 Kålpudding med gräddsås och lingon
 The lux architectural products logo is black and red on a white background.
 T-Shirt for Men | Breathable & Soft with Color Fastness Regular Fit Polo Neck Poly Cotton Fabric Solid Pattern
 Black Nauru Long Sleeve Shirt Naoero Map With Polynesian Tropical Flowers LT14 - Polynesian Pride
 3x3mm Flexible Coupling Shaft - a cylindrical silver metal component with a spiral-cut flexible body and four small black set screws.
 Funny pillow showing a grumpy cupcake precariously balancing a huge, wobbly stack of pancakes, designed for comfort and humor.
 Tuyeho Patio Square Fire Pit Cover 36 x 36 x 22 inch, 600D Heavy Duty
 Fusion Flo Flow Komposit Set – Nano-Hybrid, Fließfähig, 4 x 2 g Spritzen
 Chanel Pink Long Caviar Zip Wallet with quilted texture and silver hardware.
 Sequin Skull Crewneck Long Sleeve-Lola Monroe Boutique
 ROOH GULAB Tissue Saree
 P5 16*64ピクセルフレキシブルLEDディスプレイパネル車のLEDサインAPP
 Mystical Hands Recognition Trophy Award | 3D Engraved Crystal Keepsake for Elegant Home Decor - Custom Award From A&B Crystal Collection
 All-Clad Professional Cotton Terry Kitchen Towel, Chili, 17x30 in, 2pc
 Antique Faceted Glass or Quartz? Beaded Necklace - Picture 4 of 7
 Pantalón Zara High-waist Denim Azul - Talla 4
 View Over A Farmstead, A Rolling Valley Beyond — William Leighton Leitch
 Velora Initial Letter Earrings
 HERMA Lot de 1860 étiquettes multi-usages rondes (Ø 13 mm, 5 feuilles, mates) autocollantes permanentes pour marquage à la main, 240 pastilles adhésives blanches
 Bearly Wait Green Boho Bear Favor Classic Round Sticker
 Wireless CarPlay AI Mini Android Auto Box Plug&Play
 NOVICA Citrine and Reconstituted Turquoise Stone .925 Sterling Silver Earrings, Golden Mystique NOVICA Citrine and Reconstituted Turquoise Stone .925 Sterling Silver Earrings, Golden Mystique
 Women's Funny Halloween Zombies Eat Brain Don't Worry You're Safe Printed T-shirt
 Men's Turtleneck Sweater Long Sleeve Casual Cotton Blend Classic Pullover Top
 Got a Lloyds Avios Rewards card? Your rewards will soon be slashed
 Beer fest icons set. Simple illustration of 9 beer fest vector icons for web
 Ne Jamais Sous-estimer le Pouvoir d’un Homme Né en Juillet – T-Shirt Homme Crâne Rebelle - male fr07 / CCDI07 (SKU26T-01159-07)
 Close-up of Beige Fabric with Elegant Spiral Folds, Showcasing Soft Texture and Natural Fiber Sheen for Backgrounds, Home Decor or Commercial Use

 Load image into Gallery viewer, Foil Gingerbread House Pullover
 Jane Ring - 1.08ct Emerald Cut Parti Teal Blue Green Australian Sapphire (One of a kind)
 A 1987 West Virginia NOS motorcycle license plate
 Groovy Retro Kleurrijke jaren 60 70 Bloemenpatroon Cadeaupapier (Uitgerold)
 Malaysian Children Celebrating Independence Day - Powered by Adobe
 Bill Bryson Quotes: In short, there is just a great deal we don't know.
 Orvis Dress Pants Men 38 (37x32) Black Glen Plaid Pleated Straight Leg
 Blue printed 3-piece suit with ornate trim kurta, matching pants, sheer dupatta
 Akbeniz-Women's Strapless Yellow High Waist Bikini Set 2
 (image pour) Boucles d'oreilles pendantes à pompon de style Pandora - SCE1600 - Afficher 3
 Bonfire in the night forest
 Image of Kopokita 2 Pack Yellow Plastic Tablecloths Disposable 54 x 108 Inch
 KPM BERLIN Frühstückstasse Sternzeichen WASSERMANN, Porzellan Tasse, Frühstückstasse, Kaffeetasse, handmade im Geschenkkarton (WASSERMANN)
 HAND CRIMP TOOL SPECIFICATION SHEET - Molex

================================

- Problem to work on -
From the first line of the listing above to the line that contains "Women's Funny Halloween", inclusive, restate every line word for word. Nothing else belongs in the answer.

- Solution for this problem -
 Kålpudding med gräddsås och lingon
 The lux architectural products logo is black and red on a white background.
 T-Shirt for Men | Breathable & Soft with Color Fastness Regular Fit Polo Neck Poly Cotton Fabric Solid Pattern
 Black Nauru Long Sleeve Shirt Naoero Map With Polynesian Tropical Flowers LT14 - Polynesian Pride
 3x3mm Flexible Coupling Shaft - a cylindrical silver metal component with a spiral-cut flexible body and four small black set screws.
 Funny pillow showing a grumpy cupcake precariously balancing a huge, wobbly stack of pancakes, designed for comfort and humor.
 Tuyeho Patio Square Fire Pit Cover 36 x 36 x 22 inch, 600D Heavy Duty
 Fusion Flo Flow Komposit Set – Nano-Hybrid, Fließfähig, 4 x 2 g Spritzen
 Chanel Pink Long Caviar Zip Wallet with quilted texture and silver hardware.
 Sequin Skull Crewneck Long Sleeve-Lola Monroe Boutique
 ROOH GULAB Tissue Saree
 P5 16*64ピクセルフレキシブルLEDディスプレイパネル車のLEDサインAPP
 Mystical Hands Recognition Trophy Award | 3D Engraved Crystal Keepsake for Elegant Home Decor - Custom Award From A&B Crystal Collection
 All-Clad Professional Cotton Terry Kitchen Towel, Chili, 17x30 in, 2pc
 Antique Faceted Glass or Quartz? Beaded Necklace - Picture 4 of 7
 Pantalón Zara High-waist Denim Azul - Talla 4
 View Over A Farmstead, A Rolling Valley Beyond — William Leighton Leitch
 Velora Initial Letter Earrings
 HERMA Lot de 1860 étiquettes multi-usages rondes (Ø 13 mm, 5 feuilles, mates) autocollantes permanentes pour marquage à la main, 240 pastilles adhésives blanches
 Bearly Wait Green Boho Bear Favor Classic Round Sticker
 Wireless CarPlay AI Mini Android Auto Box Plug&Play
 NOVICA Citrine and Reconstituted Turquoise Stone .925 Sterling Silver Earrings, Golden Mystique NOVICA Citrine and Reconstituted Turquoise Stone .925 Sterling Silver Earrings, Golden Mystique
 Women's Funny Halloween Zombies Eat Brain Don't Worry You're Safe Printed T-shirt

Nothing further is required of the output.